There are several different classes of medication that can be used to relieve your pain. Any one of the medications listed below may help, but the correct medicine is chosen based on your medical history and severity of pain
Over-the-counter medications are useful in relieving mild to moderate pain. This class includes Acetaminophen (Tylenol), Ibuprofen (Advil) and Naproxen (Aleve). During your appointment, the correct dosage for the medication of choice will be determined.
For severe pain, Opiods/Narcotics may be prescribed. This class is very effective against pain, but can be addictive. Opiods should only be used as a last resort, in post-operative cases, or if the pain in unbearable. Examples of opiods include: Codeine, Propoxyphene (Darvocet), Hydrocodone (Vicodin) and Oxycodone (Percocet, Oxycontin). Tramadol is a medication we prescribe that’s stronger than over-the-counter medication, but not as strong the opiods listed above. It may be a suitable, alternative option if over-the-counter drugs aren’t providing you with enough relief.
Muscle relaxants are used to relieve pain that manifests in the form of muscle spasms.

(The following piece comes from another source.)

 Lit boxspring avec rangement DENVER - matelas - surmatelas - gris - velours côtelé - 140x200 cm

Examples of commonly prescribed muscle relaxants include cyclobenzaprine (flexeril), carisoprodol (soma), and diazepam (valium).

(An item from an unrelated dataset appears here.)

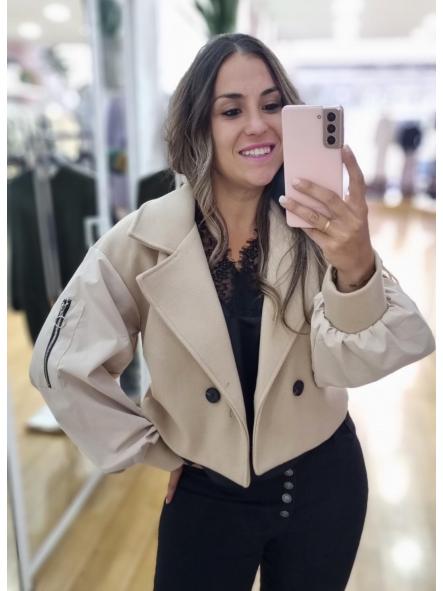 Cazadora bomber combinada paño beige [1]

Physical therapy is a treatment method for improving limited body movement and functionality that are a result of disease, injury or aging. Treatment involves restorative exercises that focus on developing muscle strength, flexibility, balance, posture and coordination, and that provide overall pain relief. Physical therapy is designed to promote a patient’s overall health and fitness, prevent reinjury and maximize quality of life. It may be prescribed as an initial form of treatment for certain conditions or injuries, or to restore strength and function after surgery.
Types of Physical Therapy
Physical therapy has many specialty areas dealing with different types of injuries and diseases. The American Board of Physical Therapy Specialties recognizes only these areas:
- Clinical electrophysiology
- Women’s health
- Cardiovascular and pulmonary
Physical Therapy Sessions
Each physical therapy session is designed to gradually increase strength and mobility. It is done in increments to avoid excessive pain or a relapse injury. For example, a person with tendonitis of the elbow may start with bodyweight partial extensions, but after 6 weeks will have increased to 20 pound dumbbell full range of motion extensions. After each session, ice and/or electrostimulation are applied to prevent additional inflammation and to cool down the muscles.
At-Home Physical Therapy
In certain cases, Physical Therapy can be performed independently at home, with specific instructions from our doctors. Exercises are written out in detail with specific rep and set ranges, and patients must be responsible not to exceed the recommended daily treatment.